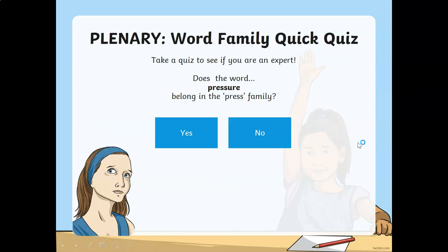Now I'm leaving you with this plenary question. I hope you have learned something new today. Thank you so much for watching my video. Till next time, always remember: be the best you can. Bye.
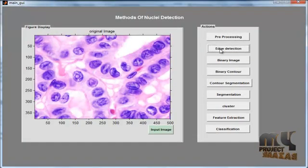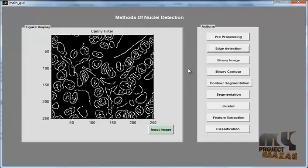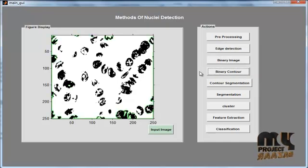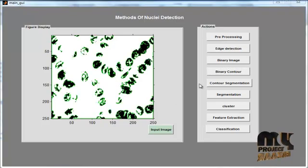Then click Edge Detection. After clicking edge detection, the edge is detected using the Canny edge detection method. Then convert the image into a binary image by clicking the Push Button Binary Image. After clicking the binary image button, we can see the image as a binary image — the black areas are represented as 0s and the white areas as 1s. Then click the Binary Contour button. After clicking it, contour segmentation is applied to the binary image and the contour segmentation result is available.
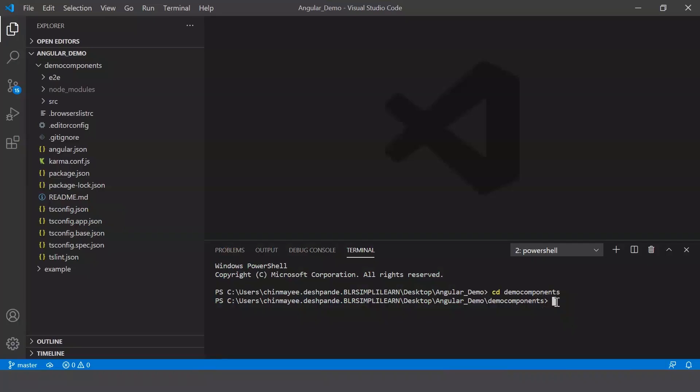Now what you can do is head to your terminal and type in the command ng g c and provide a name for your component. For example, I'm gonna just call my component text component.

- **ASSIGNED TASK**
Return the material as it stands. Leave out the pictures.

- **THE ANSWER**
Now I'm leaving you with this plenary question. I hope you have learned something new today. Thank you so much for watching my video. Till next time, always remember: be the best you can. Bye.
Then click Edge Detection. After clicking edge detection, the edge is detected using the Canny edge detection method. Then convert the image into a binary image by clicking the Push Button Binary Image. After clicking the binary image button, we can see the image as a binary image — the black areas are represented as 0s and the white areas as 1s. Then click the Binary Contour button. After clicking it, contour segmentation is applied to the binary image and the contour segmentation result is available.
Now what you can do is head to your terminal and type in the command ng g c and provide a name for your component. For example, I'm gonna just call my component text component.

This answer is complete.